Sur le plan intérieur, le carnage institutionnel est tout aussi effrayant. Le ministère de l’éducation a été vidé de sa substance et la cybersécurité nationale a été compromise par le licenciement massif d’experts, laissant les infrastructures américaines vulnérables. Le DOGE, dans son arrogance, a accédé à des bases de données fédérales contenant des informations sensibles sur des millions d’Américains, provoquant des failles de sécurité majeures. L’ironie est mordante, l’entité censée moderniser l’État a fini par exposer les citoyens aux cyberattaques, tout en remplaçant des agents de l’IRS par des agents IA dont l’efficacité reste à prouver.

Le rôle d’Elon Musk dans ce fiasco mérite une attention particulière. L’intéressé, qui a quitté le navire en mai après une brouille publique avec Donald Trump, a traité le gouvernement fédéral comme l’un de ses jouets personnels. Son départ, marqué par une conférence de presse surréaliste dans le bureau ovale où il est apparu avec un œil au beurre noir, résume à lui seul l’amateurisme de cette administration. Bien que Musk et Trump semblent s’être réconciliés récemment lors d’un dîner avec le prince héritier saoudien, les dommages causés à la réputation du patron de Tesla sont immenses. Sa cote de popularité a chuté, entraînant avec elle les profits de sa marque automobile, les consommateurs rejetant massivement l’association toxique entre le constructeur et le chaos politique engendré par son fondateur.

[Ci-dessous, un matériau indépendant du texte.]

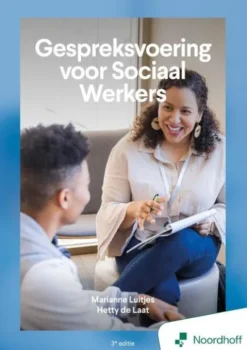 Gespreksvoering voor sociaal werkers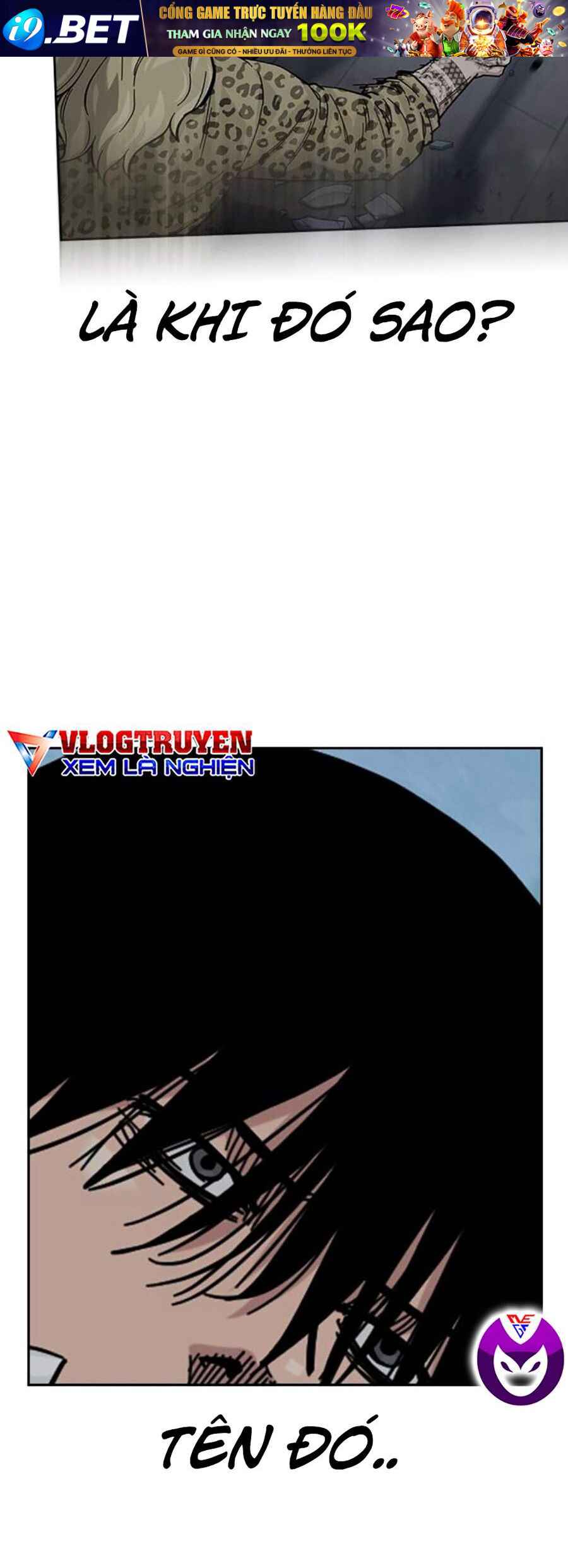 Để Có Thể Sống Sót - Chapter 133 - Page 32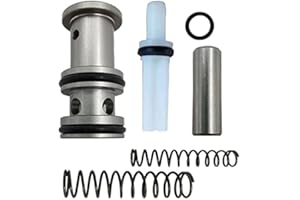 VIGORVIL SP-P1 Plunger Valve Assembly for Hitachi NR83A Framing Nailer Parts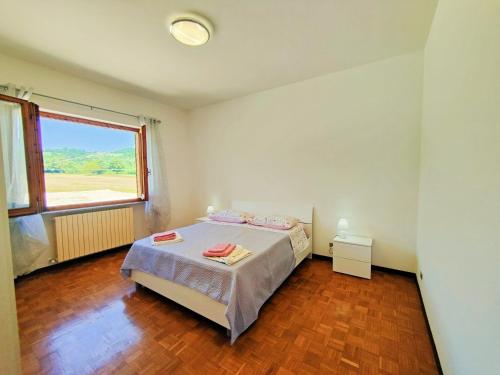 Affittacamere Sanja — hotel in San Ginesio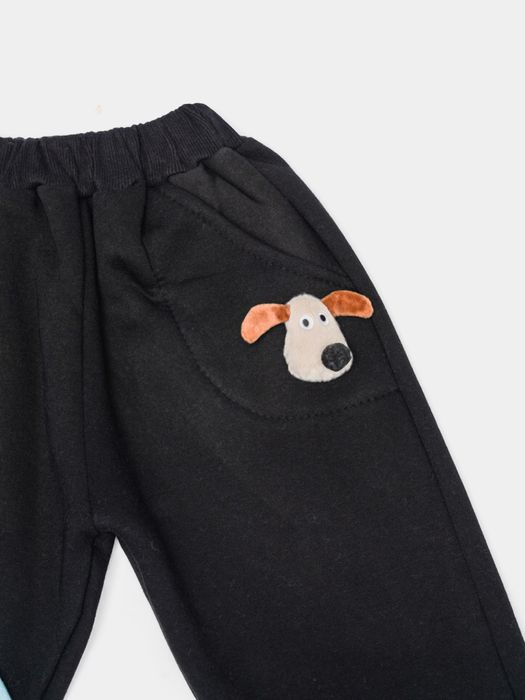 Двойка для мальчика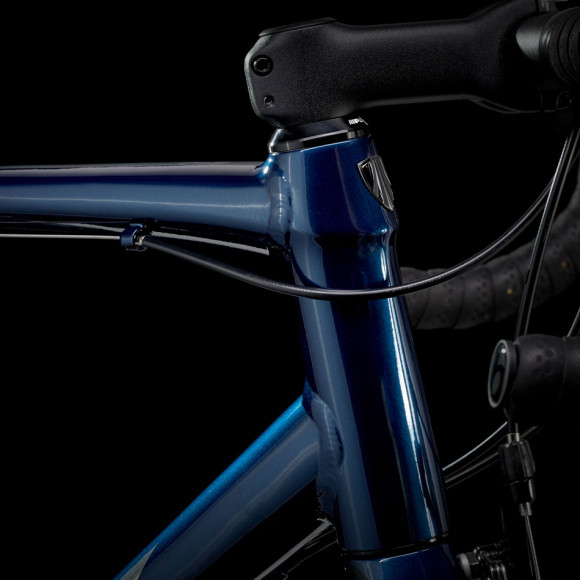Bicicleta TREK Domane AL 2 Rim 2024 AZUL 54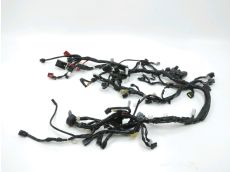 Faisceau electrique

Aujourd’hui, alors que le navire sombre, l’équipage cherche désespérément des canots de sauvetage. Les anciens collaborateurs du DOGE, dont beaucoup avaient été parachutés depuis les entreprises privées de Musk, vivent désormais dans la peur de poursuites judiciaires. Sans la protection d’un homme qui a perdu son influence directe et sans la garantie de grâces présidentielles, ces « coupeurs de coûts » réalisent qu’ils pourraient avoir à répondre de leurs actes devant la justice. Certains tentent de se recaser au sein du « National Design Studio », une nouvelle entité créée par Trump pour « redessiner l’interface du gouvernement », dirigée par un cofondateur d’Airbnb. C’est la touche finale de cette administration, quand le fond est détruit, on tente de polir la forme avec du design généré par intelligence artificielle.

Le DOGE aura été une courte mais intense période de vandalisme d’État. Il n’a pas apporté l’efficacité mais plutôt la destruction. Il n’a pas sauvé l’argent du contribuable américain, il a dilapidé des ressources pour des résultats néfastes. Même l’intelligence artificielle de Google, dans un moment de lucidité prémonitoire en septembre dernier, avait qualifié le DOGE de « fiction » basée sur de la « satire politique ». Il semblerait que l’algorithme ait eu raison avant tout le monde, le département de l’efficacité gouvernementale n’était rien d’autre qu’une mauvaise blague qui a duré trop longtemps, orchestrée par deux egos démesurés au détriment du peuple américain et de la stabilité mondiale. Alors que ses restes sont balayés sous le tapis de l’Office of Personnel Management, il reste à espérer que les leçons de ce désastre seront retenues, bien que l’administration Trump semble, comme toujours, imperméable à toute forme d’autocritique.